The big news today is that Wiley is suing 27 unnamed Bit Torrent users for seeding copies of For Dummies books. According to the Wiley spokesperson quoted in the PW article, “Our objective is to approach them and to settle if they will agree to stop the infringement, sign a release to that effect, and agree to pay modest compensation… Our goal is to educate and settle.” I think this is an interesting approach and certainly preferable to the Metallica approach of picking one person to make a very expensive example of, though I do wonder how much “education” the defendants want or need.
Coincidentally, longtime Genreville reader Celine Kiernan just sent me the link to an essay by Susan Connolly discussing the ethics of book piracy, as well as the full text of the interview Connolly conducted with Kiernan on the topic. With regard to educating pirates, Connolly writes:
The arguments around ownership and rights to work are well established…. However, I think that rather than simply bang a drum about the inherent validity of intellectual property rights, we must seek to understand why it is that certain individuals find these arguments to be unpersuasive, or outweighed by other moral and practical considerations.
Without this understanding, I do not feel that we can come to accurate conclusions about the ethical status of book piracy and any policy considerations that result from this status.

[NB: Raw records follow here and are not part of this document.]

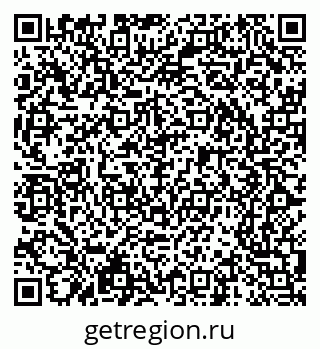 79065241198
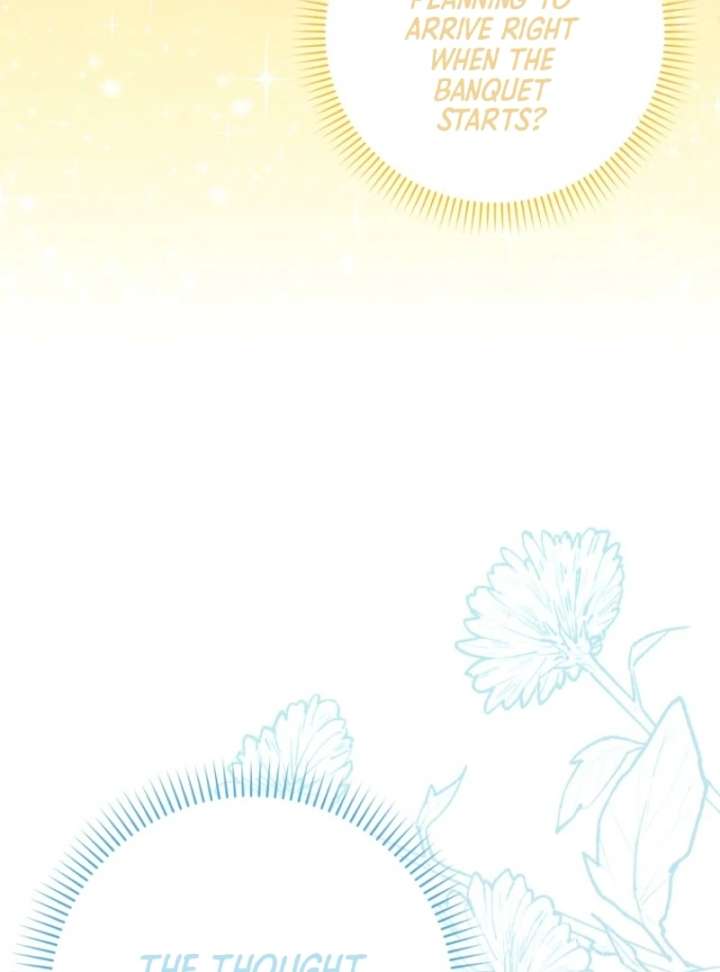 The White Tiger Princess is Not in Danger Chapter 8 603 095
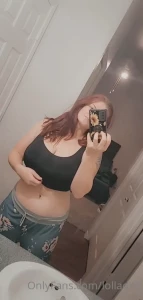 4909183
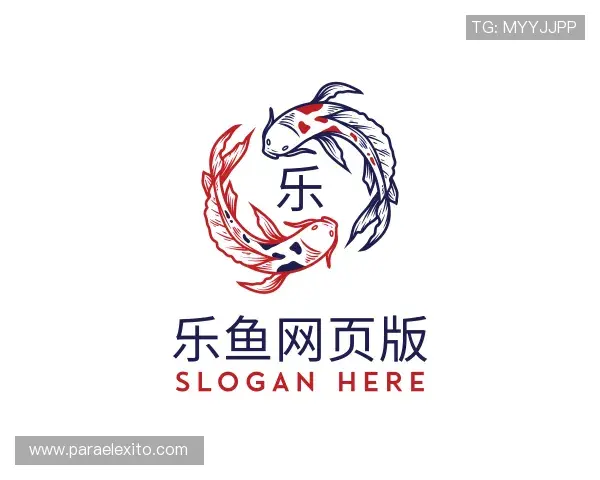 介绍乐鱼网页版官网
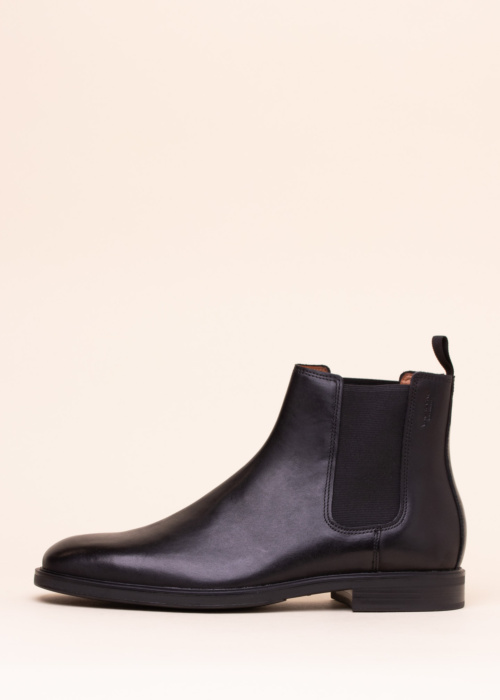 Vagabond Shoemakers aulinukai Andrew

And Kiernan, like many others before her, notes that piracy is inextricably linked to how easy it is for a reader to legitimately obtain a book. (This tweet about “Piracy is demand not met by the publishers” was among the most retweeted comments from the Books in Browsers conference last week; at a glance, I didn’t see anyone arguing with it.) “I can only bring this western European perspective to the subject, but I am aware that piracy has different resonances in different parts of the world,” she says. “There are many other portions of the world who do not have access to well distributed fairly priced books nor a working library system.” And she adds:
In so far as I feel in any way qualified to comment on this problem of global distribution (again, I would much prefer to hear from those who are directly affected by it please – can we get those voices included in this conversation?) it seems to me that the longer piracy is used as a Band-Aid for distribution/pricing problems, the longer it will remain the only available solution. Radical change is needed and that can only come about with a large vocal public objection to the problem and then a concerted effort by political and business interests to change the current situation. If the ‘solution’ continues to be the use of pirate copies coupled with business/political apathy then nothing will ever change.
I highly recommend reading both Connolly’s essay and her interview with Kiernan for an idea of where the “education” of book pirates–and of publishers–might begin.